You could also deenergize the circuit and pull the receptacle off the wall and do a visual inspection for anything hinky like a missing ground wire or if the neutral is split between the neutral terminal and ground terminal. Those would be the most obvious signs of shenanigans. To be clear, the neutral and ground networks should be bonded together, but only at the service entrance. Sometimes in much older buildings that didn't originally have ground conductors to all the receptacles, someone would swap the receptacles to add ground pins and just tie the grounds in with the neutral at every receptacle. I have never seen it personally but I have heard of it being done, and the only fix for that would be to pull ground conductors everywhere. It would be unusual to see that in a commercial building though -- that's something you more likely to be done in residential by homeowners who know enough to be dangerous.

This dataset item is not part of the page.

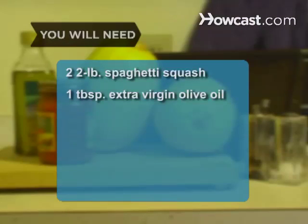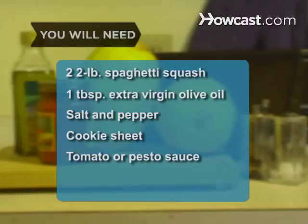You will need 2 two-pound spaghetti squash, a tablespoon of extra virgin olive oil, salt and pepper, a cookie sheet, and tomato or pesto sauce.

"Bootleg ground". Toss in some reversed-polarity wiring at an outlet and they've energized the entire grounding system. Potentially lethal.

I think of it like an old Fender guitar amp with a mains AC "polarity" switch. Flip it one way and things are relatively safe, flip it the other way and the amp chassis is hot, along with the guitar strings. PA microphone is properly wired, mixer and other equipment is properly grounded/earthed. Guitarist's lips touch the mic grille and funeral ensues. And yes, that's happened.
 
Referencing @MNicolai and @FMEng suggestions about transformers and telescoped signal grounds on balanced pairs... these come from 100+ years of telephony and broadcast best practices. Back when I was even younger than Ron Hebbard gave me credit for being a lot of what I got "skooled" in were the why's of best practices. I came to appreciate the beauty of MIL-SPEC electronic assemblies; the elegance of lacing cord support, Hellerman sleeves, and wire dressing (white tie, black tie, tails? ;) ). It got to the point that when I encountered a systemic way of doing something in a repair or service situation that I emulated, best I could, the existing termination methods and wire dress. I figured it was done "that way" for a reason and, not knowing what that reason was, decided to maintain consistency.

Clair Global has a standard: any time a signal is imported/exported outside the Clair Ecosphere to another vendor or venue connection, it is transformer isolated. In the bottom of a drawer in a work box, they have a dozen or more iso transformers tagging along with every tour.